Уже при жизни Колумба, как мы видели, в Испании и при дворе, и в торговых кругах имело место некоторое разочарование по пово­ду экономических результатов его открытий. И верили и не верили, когда он упорно продолжал утверждать, что новооткрытые им стра­ны — это восточные берега Азии и что нужно лишь еще несколько усилий, чтобы добраться наконец до вожделенной страны. Но уже вскоре после смерти Колумба окончательно удостоверились, что он открыл какой-то совсем неведомый континент, обладающий, прав­да, природными богатствами, но нуждающийся в очень большом приложении труда, чтобы начать приносить торговую выгоду. Прав­да, были уже найдены месторождения золота и серебра и были при­знаки, что дальше возможны еще гораздо более обильные находки. Но, во всяком случае, не было и сравнения между этой загадочной страной, самого существования которой никто и не подозревал, и великолепной Индией, открытой португальцами. Как раз в первые 20 лет XVI в. португальские экспедиции во главе с королевским уполномоченным Альфонсо д'Альбукерке и в первые годы после его смерти захватывали на Индийском побережье то Гоа, то Малакку, о чем сообщал чуть ли не каждый корабль, приходивший в Евро­пу. Приходили все новые и новые радостные известия об открытии островов и островков Индонезии, еще более богатых пряностями, чем сама Индия. В этом свете не приходится удивляться тому, что в Испании испытывали неудовлетворенность открытиями Колумба.

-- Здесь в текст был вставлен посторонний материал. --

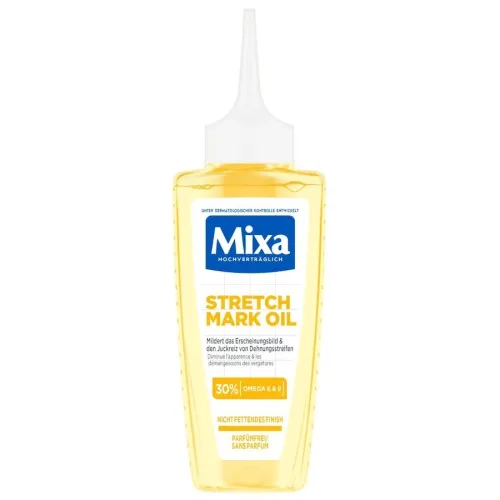 Mixa - Stretchmark Oil, 100  ml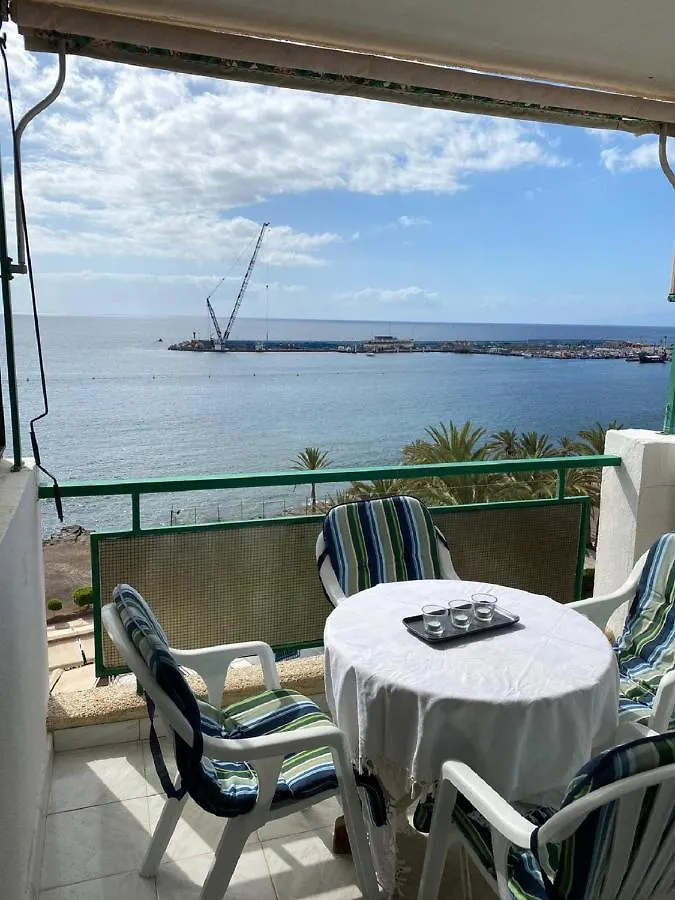 Great View Comodoro In Los Cristianos Apartman Los Cristianos  Spanyolország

При занятиях историей необходимо избавляться от присущей на­шему мышлению слабости, заключающейся в стремлении к модер­низации, т. е. к привычке невольно переносить наши современные представления и понятия, с которыми мы сжились, на более раннюю эпоху. Конечно, сейчас нам кажется несколько странным сравне­ние экономического и политического значения Америки с Индией. Под Америкой мы понимаем огромный континент, по размерам зна­чительно превышающий Европу. Известно, что на этой земле распо­ложены необъятные пространства богатейших государств — Соеди­ненных Штатов Америки, Аргентины, Бразилии, Канады и др.

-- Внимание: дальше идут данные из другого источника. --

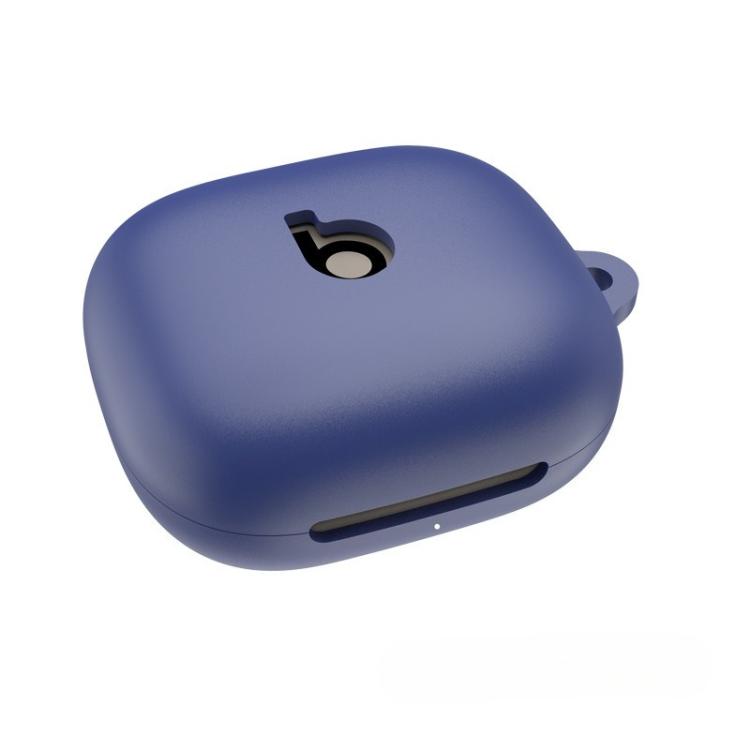 For Beats Powerbeats Fit Solid Color Silicone Earphone Protective Case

Сравнение такого комплекса земель и богатства с Индией, кото­рая при всех своих материальных ресурсах, пребывая в течение не­скольких столетий в зависимости от колонизаторов, лишь совсем недавно получила возможность рационально их использовать, может, повторяю, в настоящее время показаться странным. Для XX, как и для XIX в., наше недоумение, естественно, правильное, для XVIII в. оно было бы не совсем правильно, а для XVII и XVI вв.— и совсем неправильно. Тогда Индия была много богаче тех земель, которые были открыты к западу от Европы.

Относительная ценность, придаваемая современниками каждо­му из новых морских путей в отдельности, была ясно выражена в следующем акте. Когда после первого путешествия Колумба в Португалии пришли к заключению, что открытая им Индия во всяком случае не та Индия, которую искали европейские море­плаватели, а какая-то другая страна, гораздо менее богатая, то по на­стоянию португальского правительства в 1494 г. было заключено со­глашение, явившееся одним из стержней дальнейшей дипломатиче­ской истории Европы.

По Тордеснльясскому договору, заключенному представителями Испании и Португалии и утвержденному Римским Папой Александ­ром VI Борджа, устанавливался следующий раздел земного шара. Демаркационная линия проходила в Атлантическом океане, к запа­ду от островов Зеленого Мыса, по меридиану, на протяжении свыше 200 км, примерно вдоль 50° западной долготы. Если 'взять линию, отступающую примерно на 30 морских миль к западу от Африки у Зеленого Мыса, все дальнейшее на запад, что будет найдено, весь Атлантический океан, все земли, которые уже были открыты — имелись в виду открытия Колумба— или которые еще не открыты, принадлежат Испании. Все, что будет открыто из неведомых земель к востоку от этой линии,— Португалии. Договор, следовательно, ис­ключал из права владения какие бы то ни было державы, которые могли бы впредь выступить на поприще открытий. И французы, и англичане, и немцы были заранее лишены права владения любы­ми странами, которые могли быть открыты в будущем.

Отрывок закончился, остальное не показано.